* Exercise input:
—————
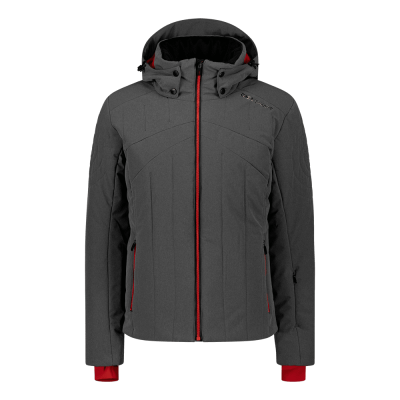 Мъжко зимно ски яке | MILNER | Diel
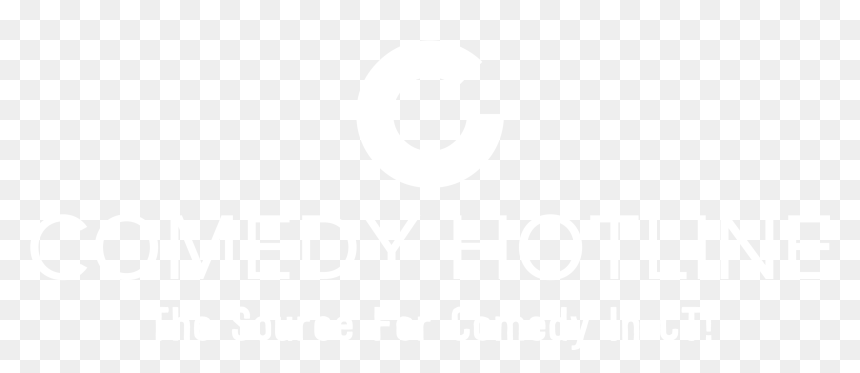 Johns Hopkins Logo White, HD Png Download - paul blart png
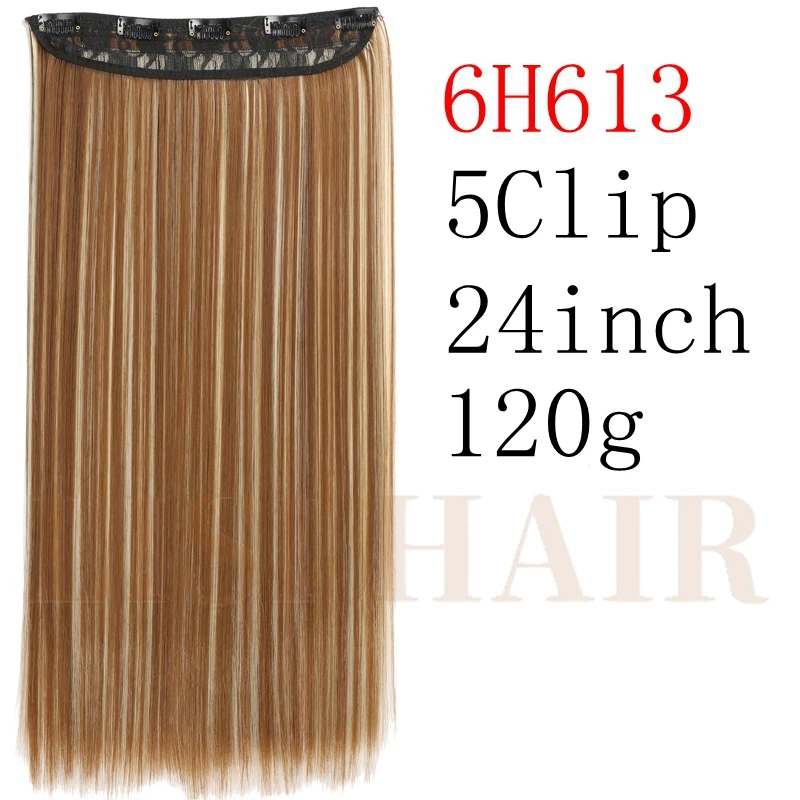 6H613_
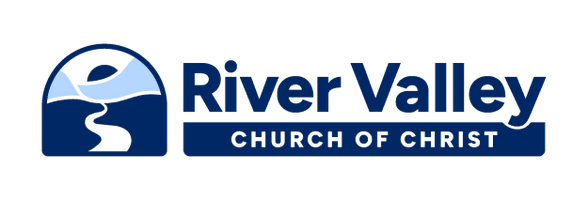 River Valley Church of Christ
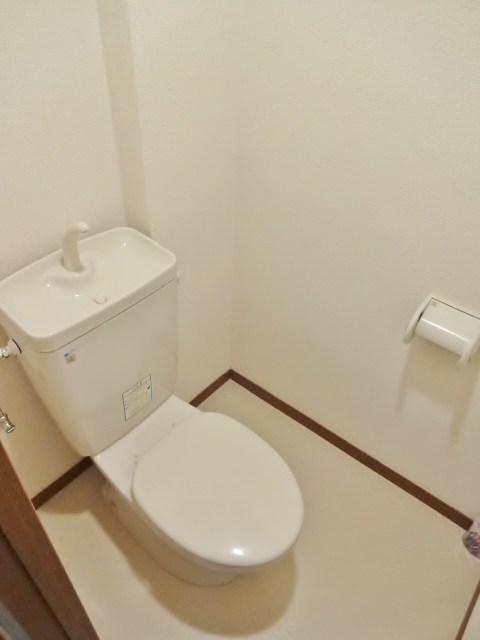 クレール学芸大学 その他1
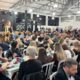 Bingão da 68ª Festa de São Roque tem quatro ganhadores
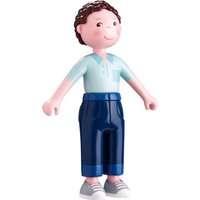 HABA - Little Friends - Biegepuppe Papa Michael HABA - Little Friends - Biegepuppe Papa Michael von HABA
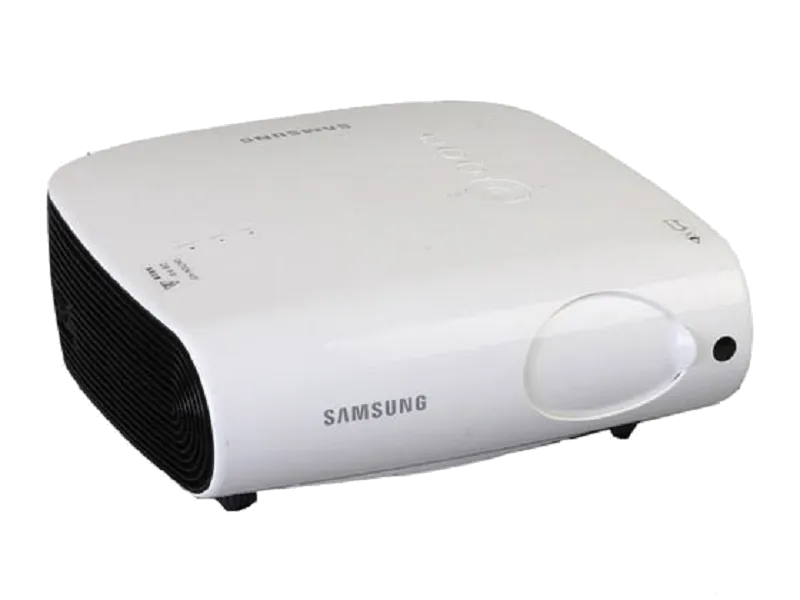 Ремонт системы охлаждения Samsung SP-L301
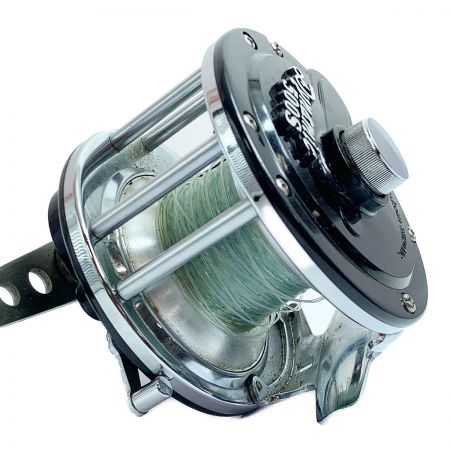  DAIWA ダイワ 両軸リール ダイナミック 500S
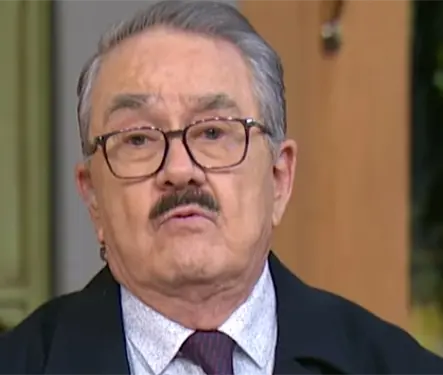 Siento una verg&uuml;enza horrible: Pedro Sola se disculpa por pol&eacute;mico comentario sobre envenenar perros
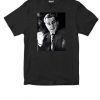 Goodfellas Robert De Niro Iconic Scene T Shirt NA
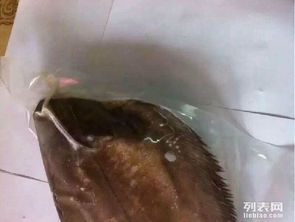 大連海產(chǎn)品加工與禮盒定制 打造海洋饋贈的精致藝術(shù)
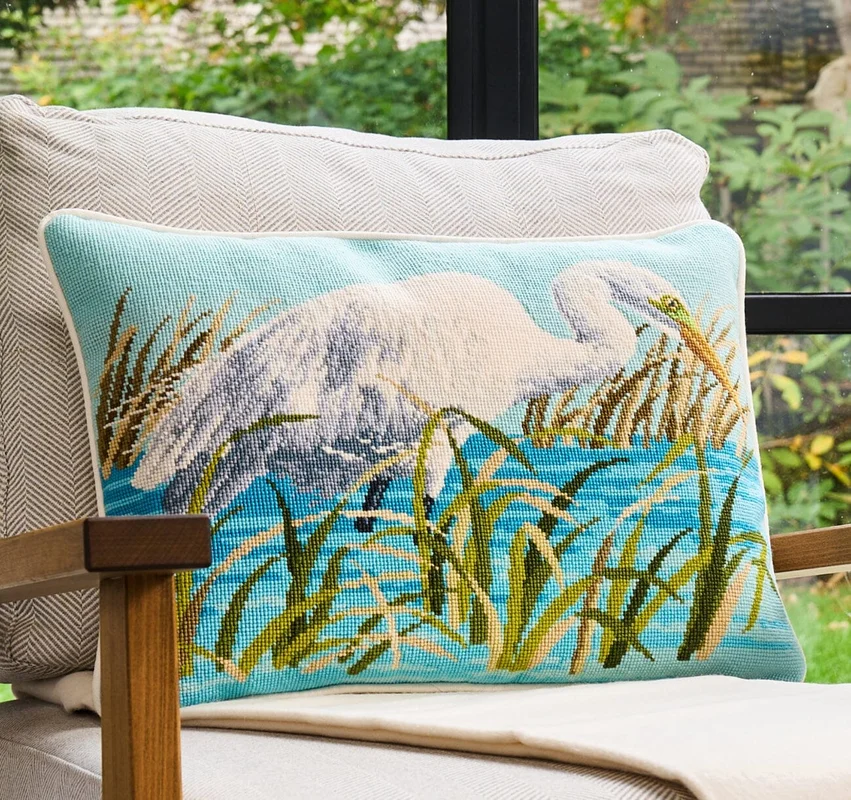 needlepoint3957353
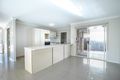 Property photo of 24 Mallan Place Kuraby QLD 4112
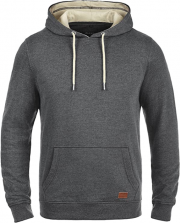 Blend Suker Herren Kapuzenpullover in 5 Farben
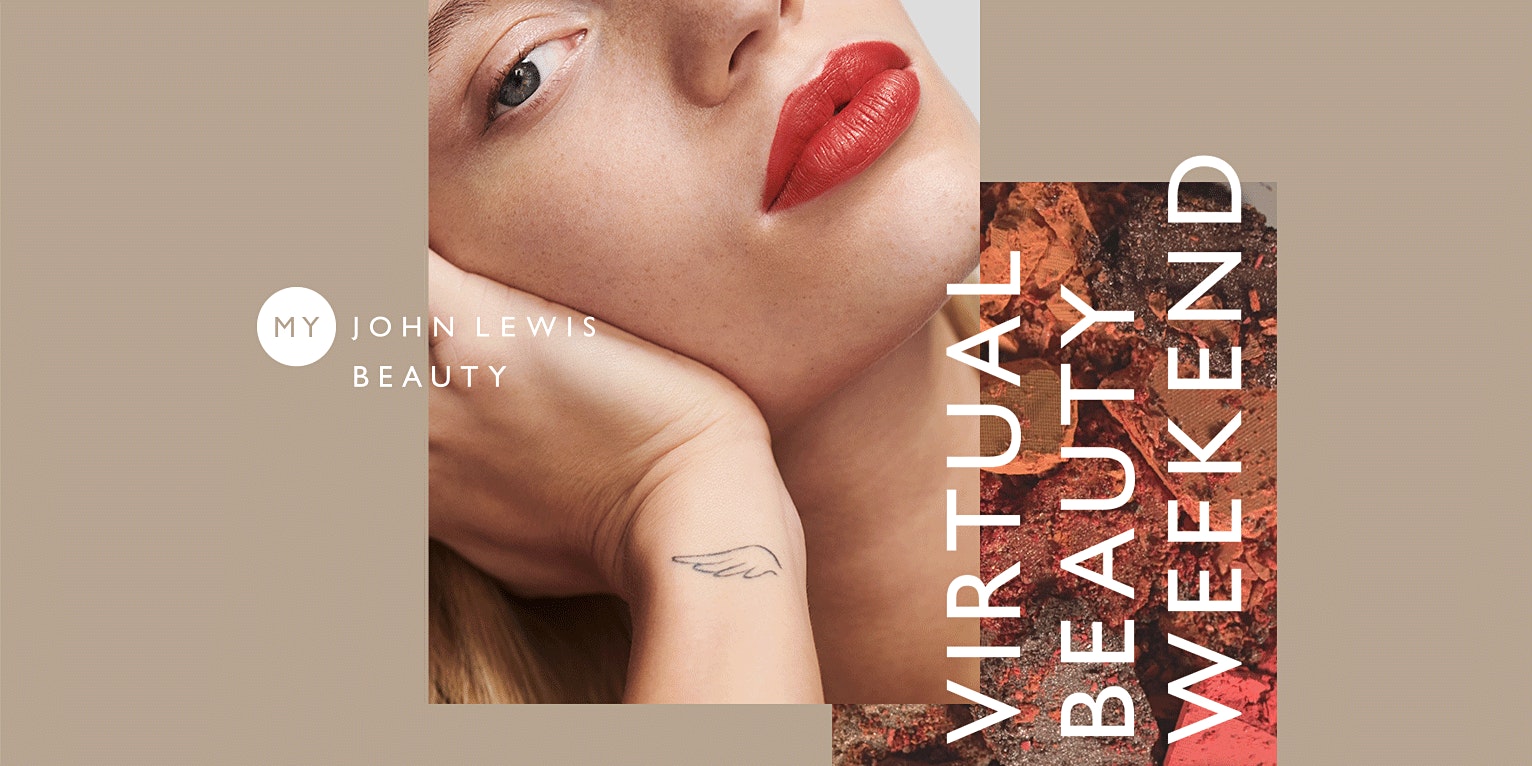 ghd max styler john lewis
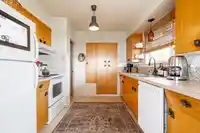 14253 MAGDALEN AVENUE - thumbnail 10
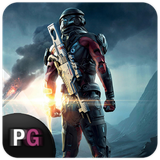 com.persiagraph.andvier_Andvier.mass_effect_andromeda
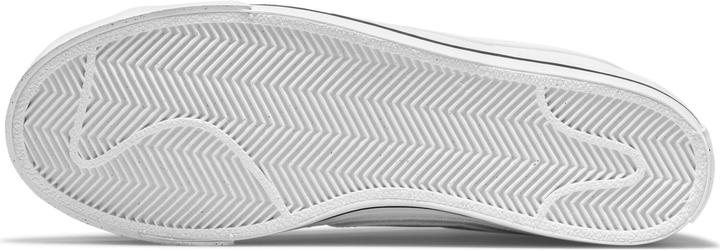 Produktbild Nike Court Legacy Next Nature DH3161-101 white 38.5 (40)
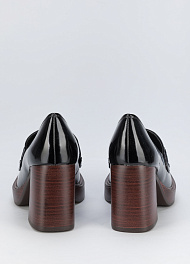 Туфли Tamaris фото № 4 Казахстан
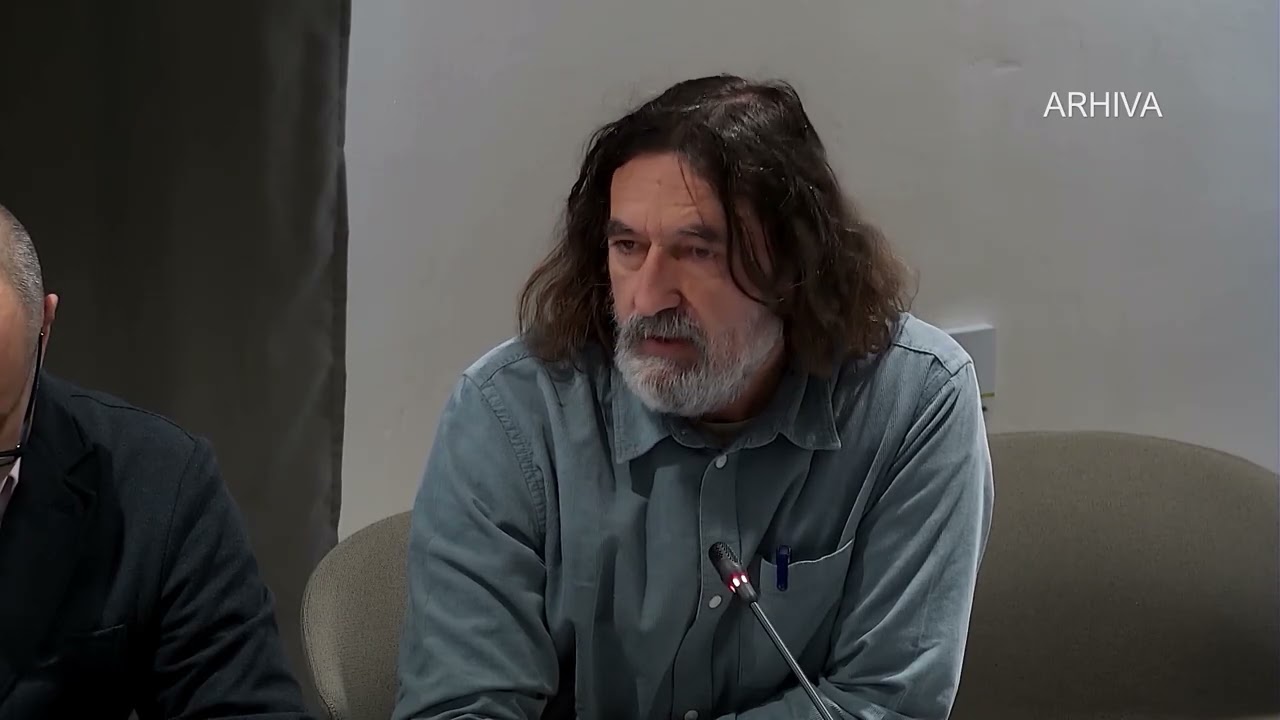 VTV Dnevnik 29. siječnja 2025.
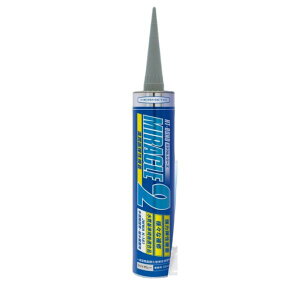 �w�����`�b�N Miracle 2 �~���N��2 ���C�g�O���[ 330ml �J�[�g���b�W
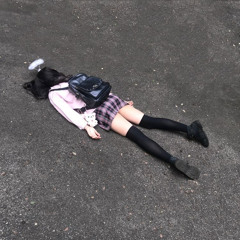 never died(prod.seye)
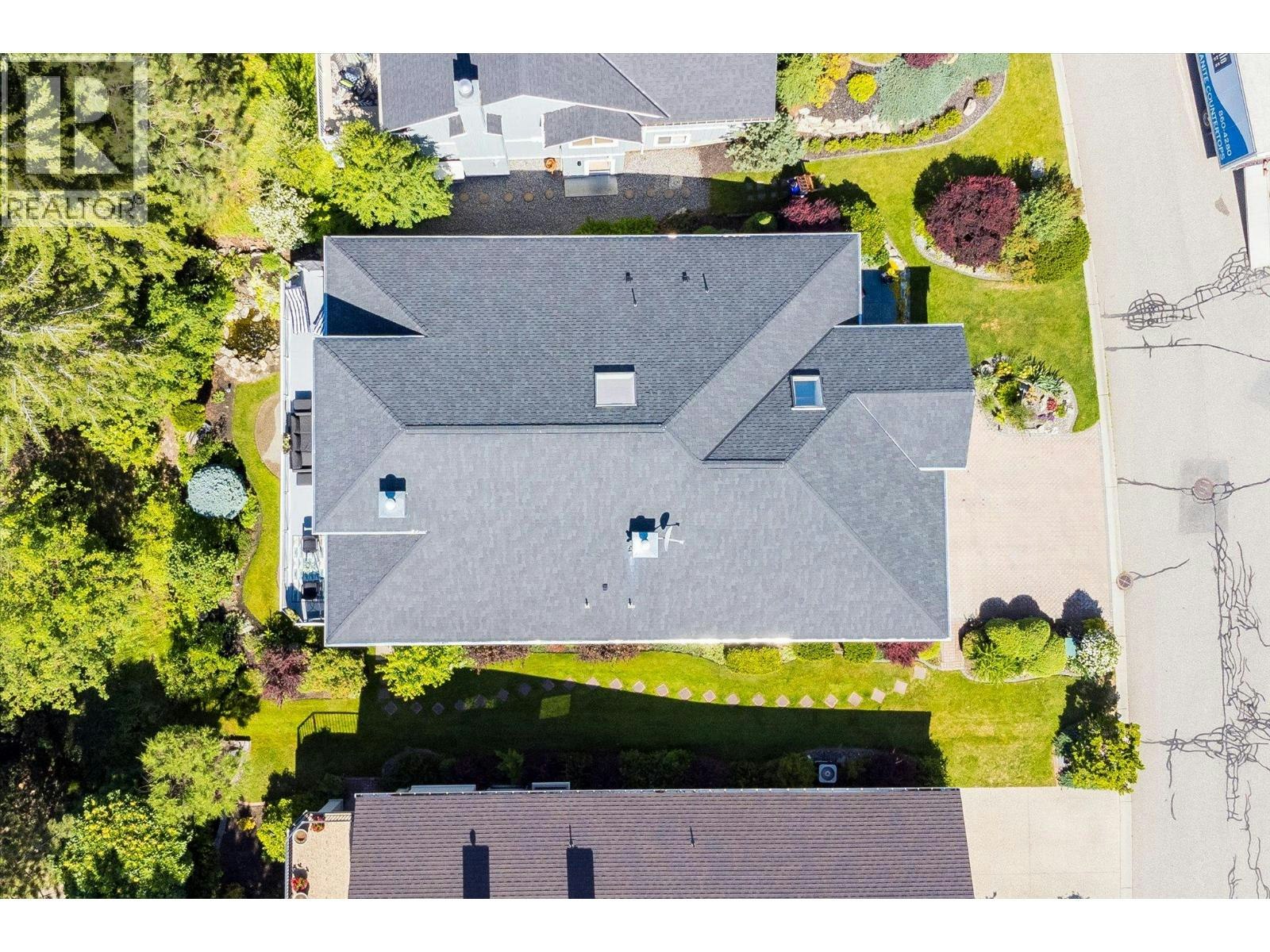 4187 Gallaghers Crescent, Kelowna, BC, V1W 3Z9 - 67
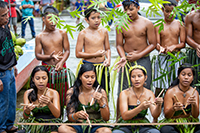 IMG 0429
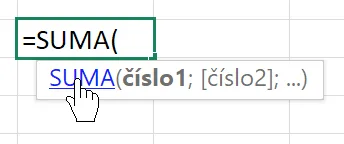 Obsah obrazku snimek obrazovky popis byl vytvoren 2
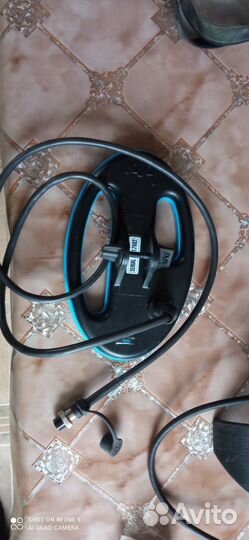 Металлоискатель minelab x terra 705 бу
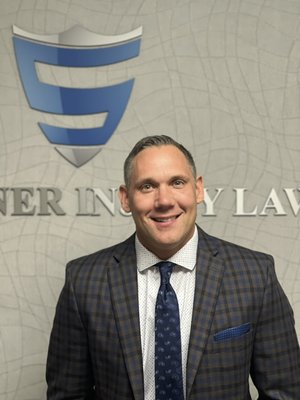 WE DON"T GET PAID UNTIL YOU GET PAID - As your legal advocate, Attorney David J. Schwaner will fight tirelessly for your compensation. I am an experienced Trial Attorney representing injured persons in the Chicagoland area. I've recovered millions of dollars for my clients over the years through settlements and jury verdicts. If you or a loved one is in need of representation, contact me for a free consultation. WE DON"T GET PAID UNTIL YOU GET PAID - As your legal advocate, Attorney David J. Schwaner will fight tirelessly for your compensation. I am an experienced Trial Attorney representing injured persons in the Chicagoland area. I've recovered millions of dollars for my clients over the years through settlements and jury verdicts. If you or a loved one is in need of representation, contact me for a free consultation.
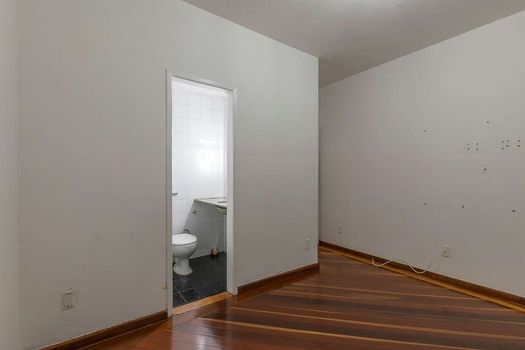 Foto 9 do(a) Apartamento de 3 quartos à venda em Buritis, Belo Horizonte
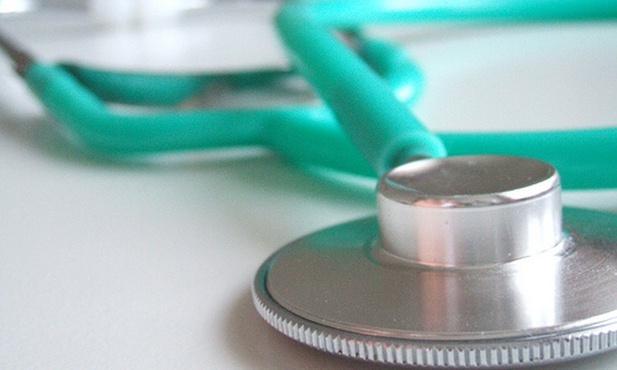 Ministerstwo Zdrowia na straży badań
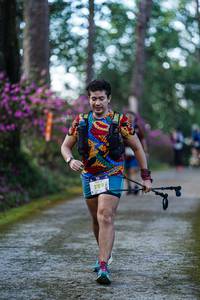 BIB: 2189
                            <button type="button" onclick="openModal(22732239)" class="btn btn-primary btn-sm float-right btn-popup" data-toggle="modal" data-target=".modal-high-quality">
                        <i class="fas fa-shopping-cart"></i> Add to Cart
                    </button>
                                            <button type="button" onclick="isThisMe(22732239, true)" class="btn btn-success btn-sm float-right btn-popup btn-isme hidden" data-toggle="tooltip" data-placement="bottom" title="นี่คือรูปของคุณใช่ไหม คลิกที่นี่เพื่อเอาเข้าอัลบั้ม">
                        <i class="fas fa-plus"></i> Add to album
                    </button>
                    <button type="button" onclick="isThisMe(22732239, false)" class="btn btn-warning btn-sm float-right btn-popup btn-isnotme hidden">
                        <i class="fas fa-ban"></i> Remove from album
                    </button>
—————
* Exercise goal:
Using the entries above, reproduce word for word only the lines from the one that contains "Johns Hopkins Logo" to the one that contains "Металлоискатель minelab x terra 705 бу", both ends included, and drop every picture.

* Completed exercise:
 Johns Hopkins Logo White, HD Png Download - paul blart png
 6H613_
 River Valley Church of Christ
 クレール学芸大学 その他1
 Bingão da 68ª Festa de São Roque tem quatro ganhadores
 HABA - Little Friends - Biegepuppe Papa Michael HABA - Little Friends - Biegepuppe Papa Michael von HABA
 Ремонт системы охлаждения Samsung SP-L301
  DAIWA ダイワ 両軸リール ダイナミック 500S
 Siento una verg&uuml;enza horrible: Pedro Sola se disculpa por pol&eacute;mico comentario sobre envenenar perros
 Goodfellas Robert De Niro Iconic Scene T Shirt NA
 大連海產(chǎn)品加工與禮盒定制 打造海洋饋贈的精致藝術(shù)
 needlepoint3957353
 Property photo of 24 Mallan Place Kuraby QLD 4112
 Blend Suker Herren Kapuzenpullover in 5 Farben
 ghd max styler john lewis
 14253 MAGDALEN AVENUE - thumbnail 10
 com.persiagraph.andvier_Andvier.mass_effect_andromeda
 Produktbild Nike Court Legacy Next Nature DH3161-101 white 38.5 (40)
 Туфли Tamaris фото № 4 Казахстан
 VTV Dnevnik 29. siječnja 2025.
 �w�����`�b�N Miracle 2 �~���N��2 ���C�g�O���[ 330ml �J�[�g���b�W
 never died(prod.seye)
 4187 Gallaghers Crescent, Kelowna, BC, V1W 3Z9 - 67
 IMG 0429
 Obsah obrazku snimek obrazovky popis byl vytvoren 2
 Металлоискатель minelab x terra 705 бу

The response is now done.